Aidan Heavey, Chief Executive Officer, Tullow Oil plc, commented today:
“This has been an exceptionally busy few months for Tullow as we agreed to farm down our assets to our partners in Uganda, made substantial changes to our Board and launched a $750 million Rights Issue. We have also been working hard on moving towards Full Field Development in both Uganda and Kenya and have made good progress on the Jubilee Turret Remediation Project and optimising production from the TEN field. Consequently, as I hand over my role as CEO to Paul McDade, I am confident that Tullow has the financial and operational flexibility to prosper in 2017 and beyond.”
WEST Africa (including Europe production)
West Africa working interest oil production for the first quarter of 2017 averaged 85,700 bopd, in line with expectations. This includes 8,000 bopd of production-equivalent payments relating to the Jubilee field received under Tullow’s corporate Business Interruption insurance policy. In Europe, assets performed in line with expectations and first quarter 2017 working interest gas production averaged 6,300 boepd. Tullow’s 2017 full year production forecast is unchanged with West Africa working interest oil production, including production-equivalent insurance payments, expected to average between 78,000 and 85,000 bopd and Europe working interest gas production expected to average between 6,000 and 7,000 boepd.
Gross production from the Jubilee field averaged 82,500 bopd (net: 29,300 bopd) in the first quarter of 2017. Tullow’s corporate Business Interruption insurance continues to reimburse the Group for lost production revenues associated with the turret issue and remediation, with 8,000 bopd of net production-equivalent payments expected to be realised in the first quarter of 2017, increasing Tullow’s net production at Jubilee to 37,300 bopd.
The Interim Spread Mooring of the Jubilee FPSO was completed in February and the vessel is now anchored to the seabed with the heading control tugs demobilised.

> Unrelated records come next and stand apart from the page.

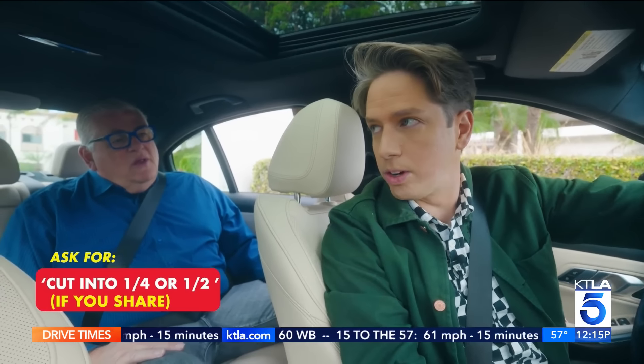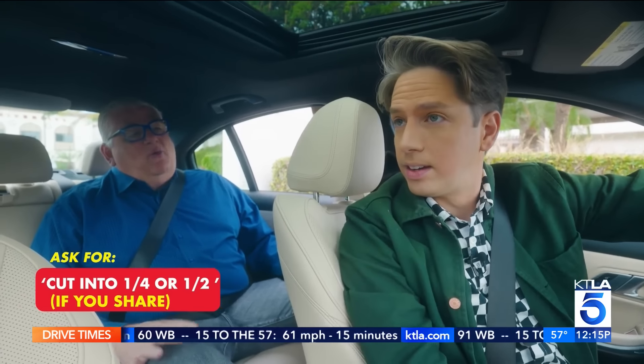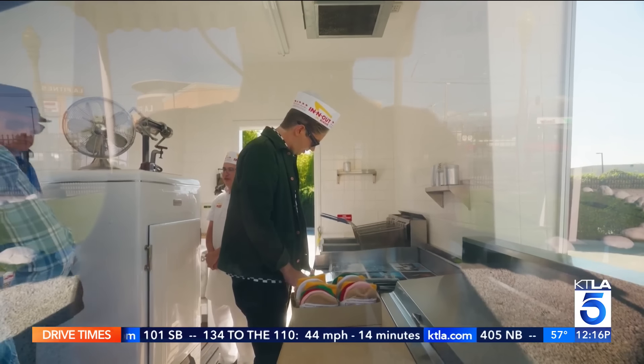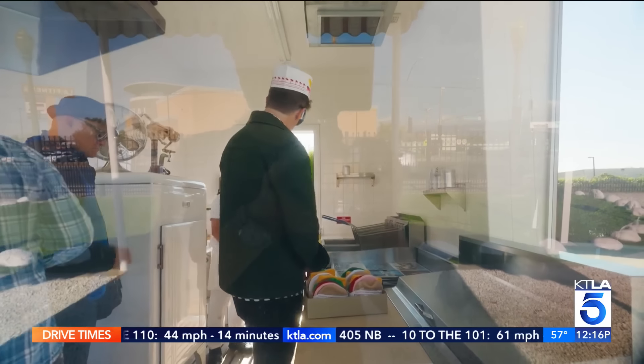You can get quarter burgers and half burgers — you can have them cut that way. The secret for why the burger is always so consistent: they don't put an In-N-Out in a location unless they can be within a day's drive from their manufacturing plants. No freezers at In-N-Out. No heat lamps.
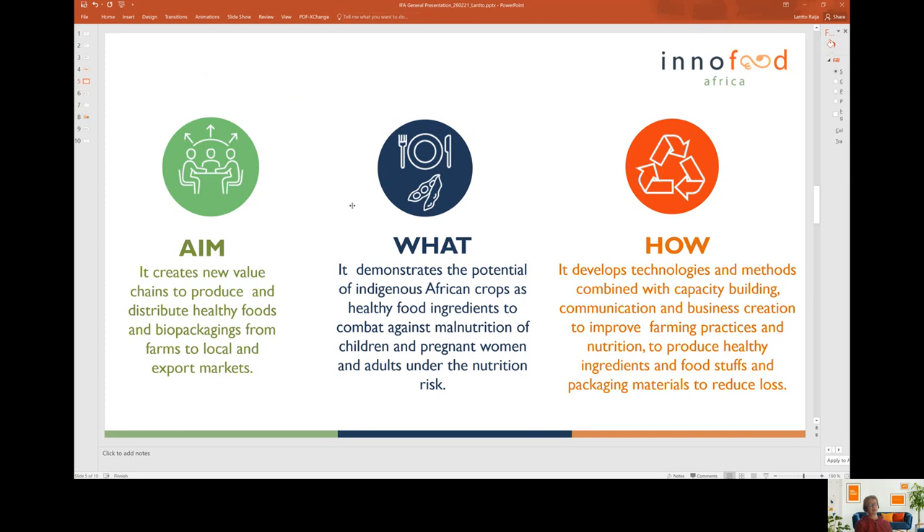InnoFoodAfrica demonstrates the potential of indigenous traditional African crops like bambara groundnut, cowpea, sweet potato, millet, sorghum, teff, faba bean, banana and so forth. From these crops, healthy food and food ingredients are developed for combating malnutrition of infants, small children and pregnant women, and also adults particularly in urban areas that are under risk of overweight or obesity.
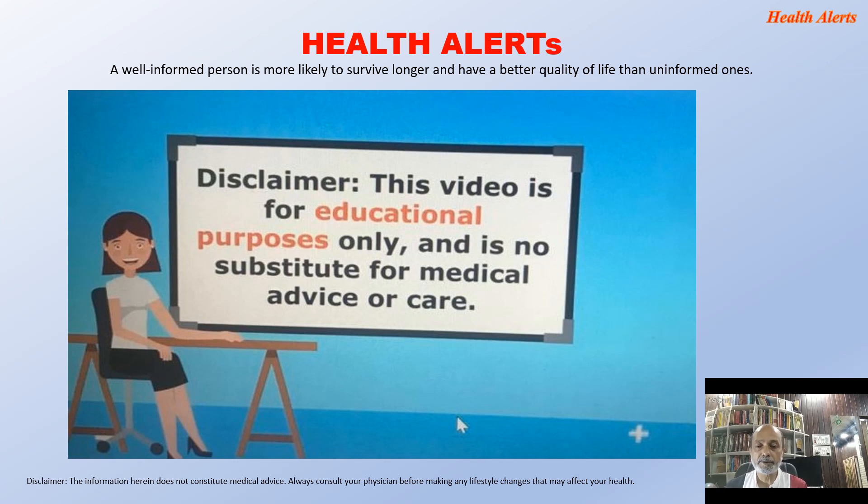Hi, this is Nirupa Macharji and I am back with another episode on Health Alerts. A disclaimer before I go into it: this video is for educational purposes only and is in no way a substitute for medical advice or care. If you feel unwell, please consult your doctor to get the best medical attention and care.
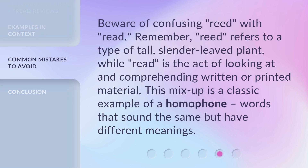Beware of confusing 'reed' with 'read.' Remember, 'reed' refers to a type of tall, slender-leaved plant, while 'read' is the act of looking at and comprehending written or printed material. This mix-up is a classic example of a homophone — words that sound the same but have different meanings.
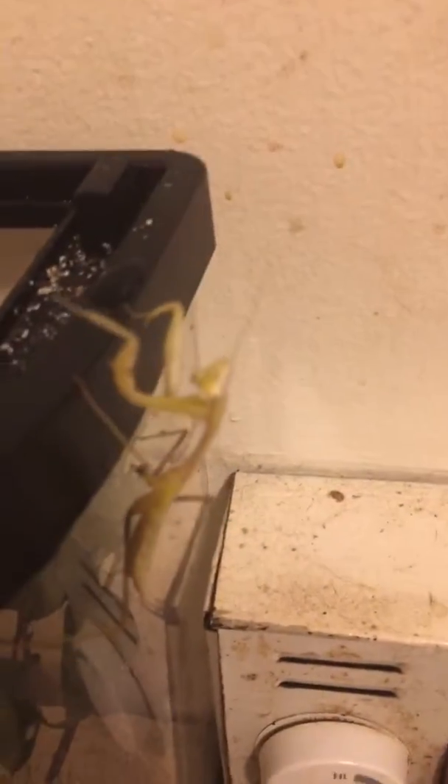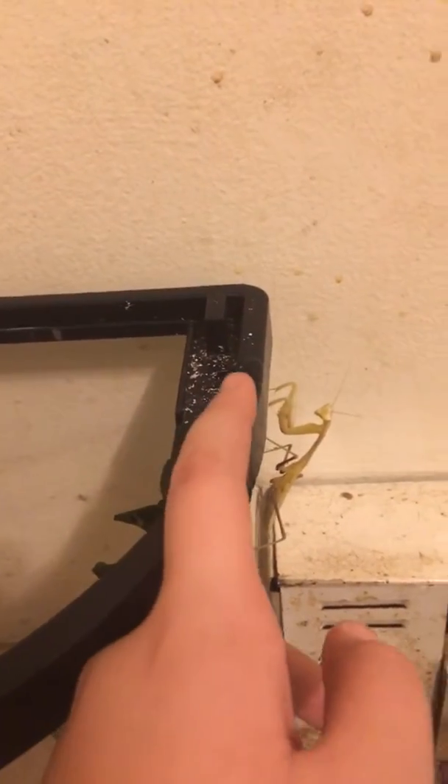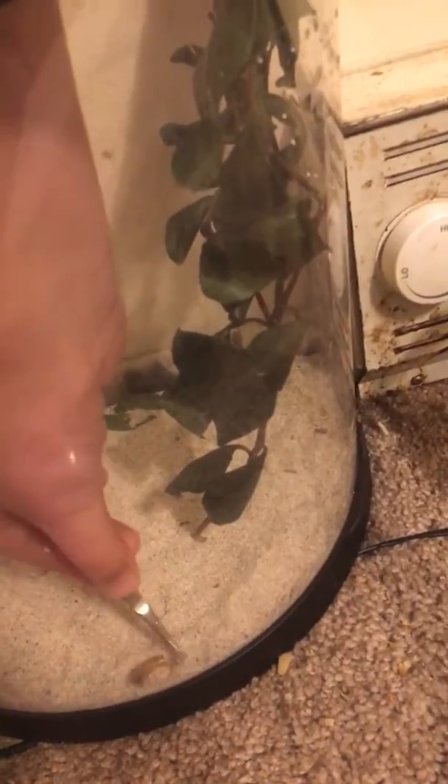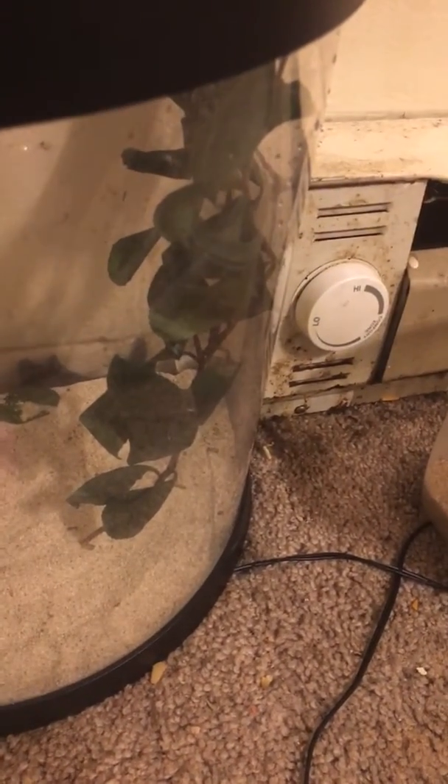He's like, no, I hate you. All right, so this is my mantis right there — camera, focus, camera, thank you. There he is. And I have food for him too — right here — it's this thing, a mealworm. He loves these.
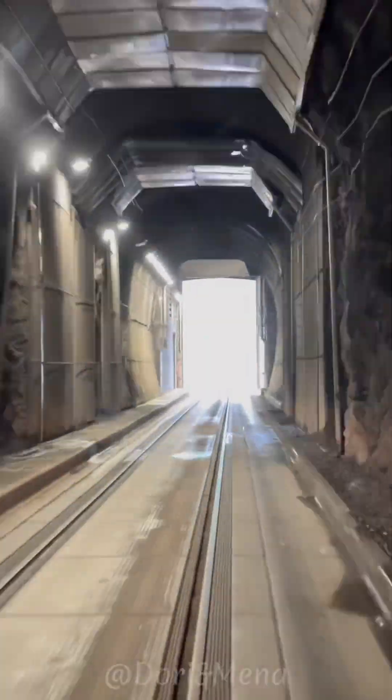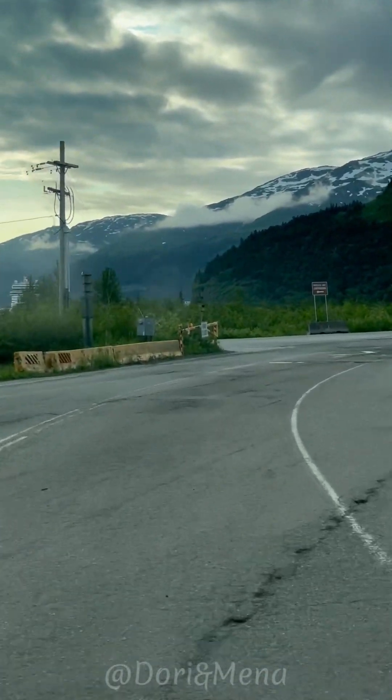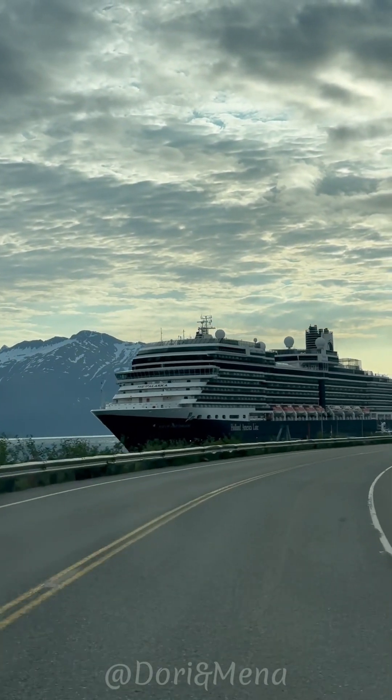The tunnel is a crucial transportation link, allowing visitors and residents to access Whittier, which is surrounded by rugged mountains and glaciers, making it a popular destination for outdoor enthusiasts and tourists.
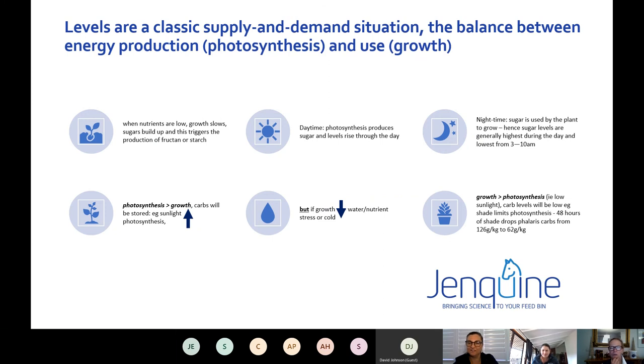There are many cases where we don't know what caused an episode of laminitis. Here's a rundown of what causes plants to have high sugar levels. Photosynthesis is the production of energy using sunlight. That energy is used up when the plant grows. If the plant is stressed by drought or nutrient deficiencies, the sugar levels aren't used up — even though the plant might look unhealthy, it can actually be really high in sugar because it's a supply and demand situation. Photosynthesis produces sugar throughout the day and levels rise; at night those sugars are used for the plant to stay alive, so sugar levels are generally lowest from around 3 to 10 a.m.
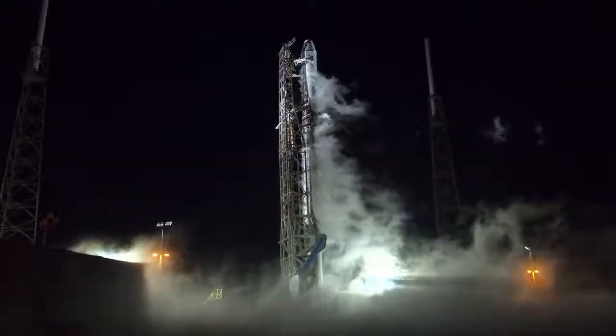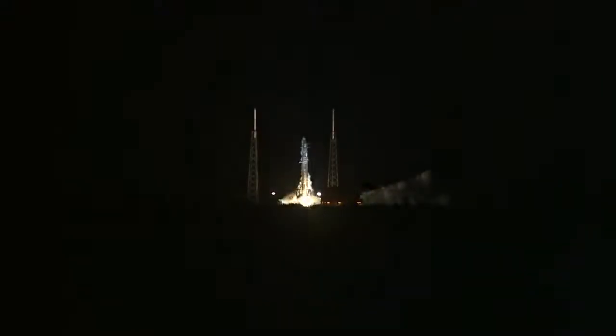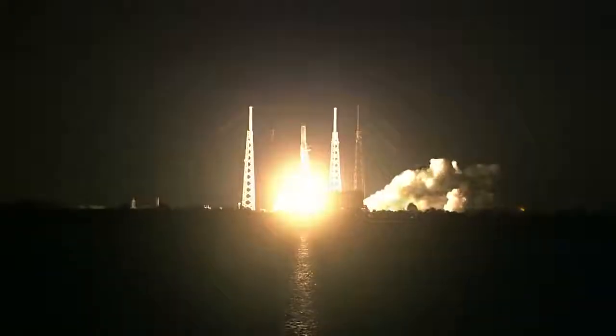T-minus 8 seconds, 7, 6, 5, 4, 3, 2, 1. We have ignition and liftoff.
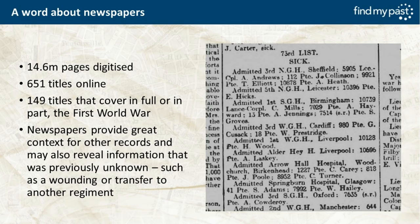Newspapers are a fantastic resource. We have 14.6 million pages digitised through our partnership with the British Library — the British Newspaper Archive. There are currently 651 titles online, of which 149 cover the First World War either in part or in full, with more papers being added every day. On the right-hand side you can see a listing of men admitted to hospitals: SGH is Southern General Hospital, NGH is Northern General Hospital, WGH is Western General Hospital. The regimental numbers are really key identifiers.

Planning for the next phase of the work, which includes discussions with the Government of Ghana and the JV Partners around turret stabilisation and the final heading of the FPSO, are ongoing. Tullow expects final decisions to be made around the middle of the year with work to be undertaken in the second half of 2017. It is anticipated that a facility shutdown of up to 12 weeks may be required during 2017. However, work is ongoing to look at ways to optimise and reduce shutdown periods.
Work is progressing with the Government of Ghana and JV Partners to update the Greater Jubilee Full Field Development Plan (GJFFD). The JV Partners remain on track to re-submit the Plan around the middle of the year; with approval expected in the second half of the year, allowing drilling to commence in early 2018. A 4D seismic survey was completed in the first quarter of the year and data acquired will be used to optimise the location of GJFFD wells and to assist with ongoing reservoir management.
Production in the first quarter of 2017 from the TEN field was in line with guidance, with gross production averaging around 50,000 bopd. Higher production levels have been achieved, at times, as the JV Partners continue to conduct trials to optimise field and facilities throughput. Tullow’s 2017 annual production forecast remains unchanged at around 50,000 bopd (net: 23,600 bopd).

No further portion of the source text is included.